→ **Input data**:
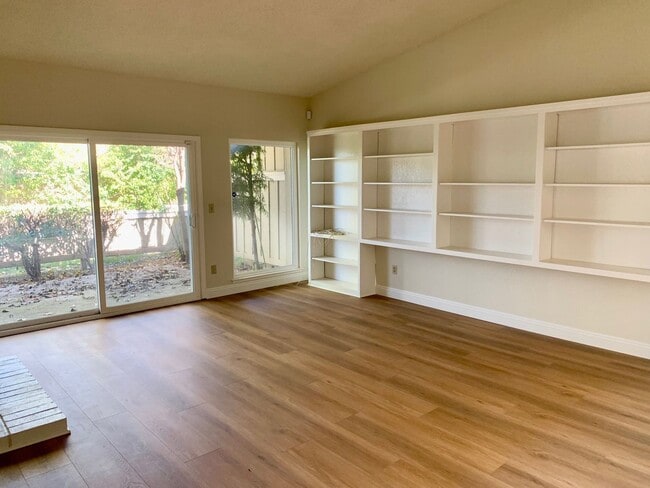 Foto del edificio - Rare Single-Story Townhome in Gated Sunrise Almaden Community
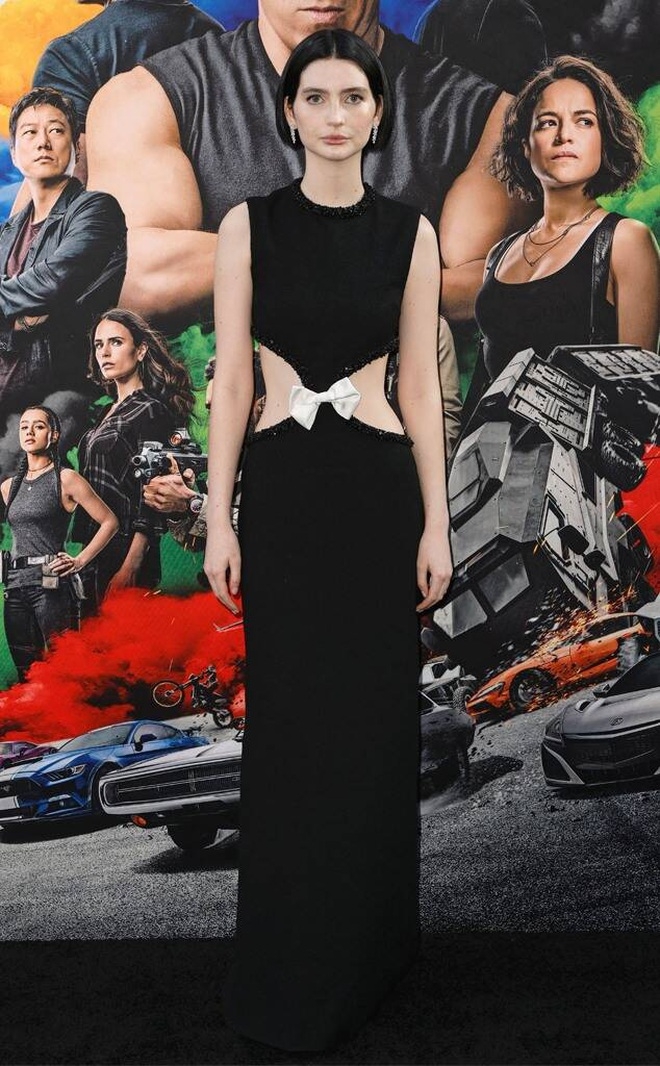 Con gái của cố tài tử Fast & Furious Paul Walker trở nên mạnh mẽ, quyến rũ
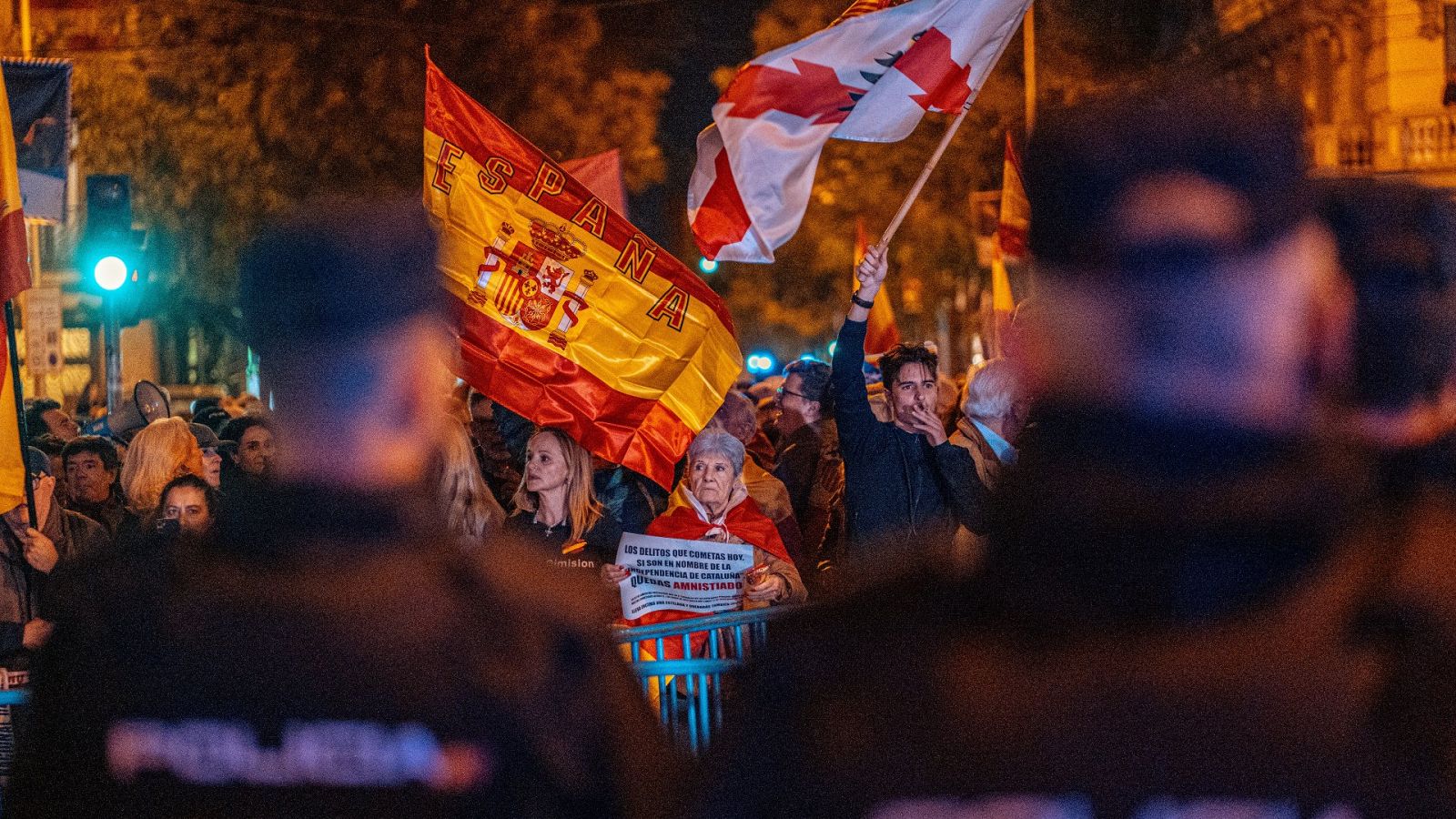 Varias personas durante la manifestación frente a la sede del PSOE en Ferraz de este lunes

→ **What you will do**: Set down the complete material exactly, but do not include the images.

→ **Result**:
 Foto del edificio - Rare Single-Story Townhome in Gated Sunrise Almaden Community
 Con gái của cố tài tử Fast & Furious Paul Walker trở nên mạnh mẽ, quyến rũ
 Varias personas durante la manifestación frente a la sede del PSOE en Ferraz de este lunes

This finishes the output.